Take one: 1987 to 1991
Until recently, the most notorious incident occurred in 1987. Saudi Arabia’s King Fahd banned political demonstrations during the Hajj, warning the previous month that Riyadh would not tolerate the actions of “hypocrites and pretenders…if their real intention is to stage demonstrations and angry marches and to chant well-known slogans which spread an atmosphere of chaos and upset the peace.” Nonetheless, encouraged by Iran’s Supreme Leader Ayatollah Ruhollah Khomeini, thousands of Iranian pilgrims held demonstrations near the Grand Mosque, sparking the clashes. More than 400 pilgrims—more than half of them Iranian—were killed in clashes with Saudi authorities.
Almost immediately, Iranians sacked the Saudi and Kuwaiti embassies in Tehran, killing one Saudi diplomat. After escalating exchanges of blame, Riyadh severed diplomatic ties with Tehran in the spring of 1988. A week later, Saudi Arabia rejected an OPEC plan to cut oil production and raise prices. It also reduced the number of visas to would-be pilgrims from Iran. In response, Iran boycotted the Hajj, and from 1988 to 1990 Iranians did not participate in the pilgrimage to Mecca.
In 1991, under Iranian president Akbar Hashemi Rafsanjani, who sought improved relations with Iran’s Gulf neighbors, the two countries restored ties.
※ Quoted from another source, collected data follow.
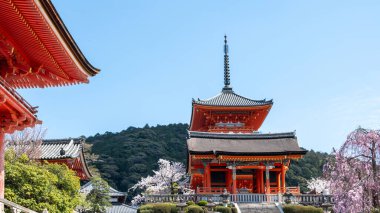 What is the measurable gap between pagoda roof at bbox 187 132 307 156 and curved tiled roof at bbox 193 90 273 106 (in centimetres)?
578

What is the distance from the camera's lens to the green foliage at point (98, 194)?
37844mm

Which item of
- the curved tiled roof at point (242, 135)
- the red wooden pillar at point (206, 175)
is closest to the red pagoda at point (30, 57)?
the red wooden pillar at point (206, 175)

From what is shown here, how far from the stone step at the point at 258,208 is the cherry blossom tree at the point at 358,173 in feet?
38.7

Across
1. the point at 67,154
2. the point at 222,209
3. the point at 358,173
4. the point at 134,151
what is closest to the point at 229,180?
the point at 222,209

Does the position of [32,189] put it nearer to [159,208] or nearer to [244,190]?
[159,208]

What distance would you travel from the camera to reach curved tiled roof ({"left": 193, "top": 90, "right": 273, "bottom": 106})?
142 feet

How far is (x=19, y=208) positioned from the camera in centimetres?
1070

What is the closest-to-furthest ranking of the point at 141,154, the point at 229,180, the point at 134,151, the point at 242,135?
1. the point at 229,180
2. the point at 242,135
3. the point at 141,154
4. the point at 134,151

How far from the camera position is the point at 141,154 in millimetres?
85625

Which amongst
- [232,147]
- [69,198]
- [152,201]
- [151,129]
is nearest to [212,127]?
[232,147]

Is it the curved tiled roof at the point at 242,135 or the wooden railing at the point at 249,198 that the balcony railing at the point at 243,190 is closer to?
the wooden railing at the point at 249,198

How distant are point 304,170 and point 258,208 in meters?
48.2

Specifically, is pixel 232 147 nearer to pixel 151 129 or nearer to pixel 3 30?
pixel 3 30

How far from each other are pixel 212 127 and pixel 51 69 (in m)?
30.7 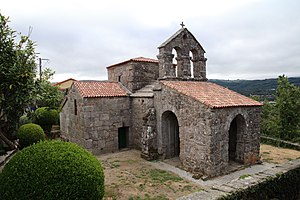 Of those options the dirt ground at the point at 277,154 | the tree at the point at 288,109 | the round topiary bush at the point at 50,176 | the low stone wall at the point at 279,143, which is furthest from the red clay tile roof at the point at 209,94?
the tree at the point at 288,109

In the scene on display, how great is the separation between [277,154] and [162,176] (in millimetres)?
7467

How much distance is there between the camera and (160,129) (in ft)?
38.7

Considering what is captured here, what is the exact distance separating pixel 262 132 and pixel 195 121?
36.3 ft

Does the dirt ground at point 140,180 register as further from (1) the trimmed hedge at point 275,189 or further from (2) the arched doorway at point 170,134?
(1) the trimmed hedge at point 275,189

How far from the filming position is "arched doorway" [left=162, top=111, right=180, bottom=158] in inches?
467

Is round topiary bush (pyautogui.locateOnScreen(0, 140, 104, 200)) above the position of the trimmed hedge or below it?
above

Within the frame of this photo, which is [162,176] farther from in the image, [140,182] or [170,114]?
[170,114]

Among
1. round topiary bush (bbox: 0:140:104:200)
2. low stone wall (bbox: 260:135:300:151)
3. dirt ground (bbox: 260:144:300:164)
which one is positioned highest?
round topiary bush (bbox: 0:140:104:200)

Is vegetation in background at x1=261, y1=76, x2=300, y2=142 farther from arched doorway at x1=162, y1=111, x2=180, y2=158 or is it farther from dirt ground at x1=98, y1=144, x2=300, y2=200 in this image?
arched doorway at x1=162, y1=111, x2=180, y2=158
Even so, since then there have been several Saudi-Iranian confrontations over the Hajj. The most significant took place last year, and the aftermath resembles that of the 1987 clashes.
Take two: 2015 to present
In September 2015, a stampede in Mina—about three miles from Mecca—killed many pilgrims: roughly 700 according to Saudi Arabia, and more than 2000 according to the Associated Press. The number of Iranians killed was initially estimated to be below 200, but Iran maintains that the number was 464.
When Saudi Arabia executed prominent Shiite cleric Sheikh Nimr al-Nimr this January, Iranian protestors again stormed the Saudi embassy. The following day, Riyadh severed diplomatic ties with Tehran. Since then and on two occasions (April and June), OPEC has been unable to reach an agreement cutting oil production and boosting prices, largely due to the obstructionism of Saudi Arabia and Iran.
After negotiations involving transportation and visa complications failed to produce an agreement on Iranian participation in the Hajj, Tehran announced in May that Iranians will not be among this year’s pilgrims. The public positioning of both governments is reminiscent of the 1987 dispute; Saudi Foreign Minister Adel al-Jubeir said that Iran sought to hold “protests” during the Hajj, while Iran claims that Saudi Arabia has not guaranteed the safety of Iranian pilgrims.
In both episodes, the escalation took place against a backdrop of an extraordinary regional upheaval that pitted the two countries against one another: the Iran-Iraq War in the 1980s, and the Syrian civil war today.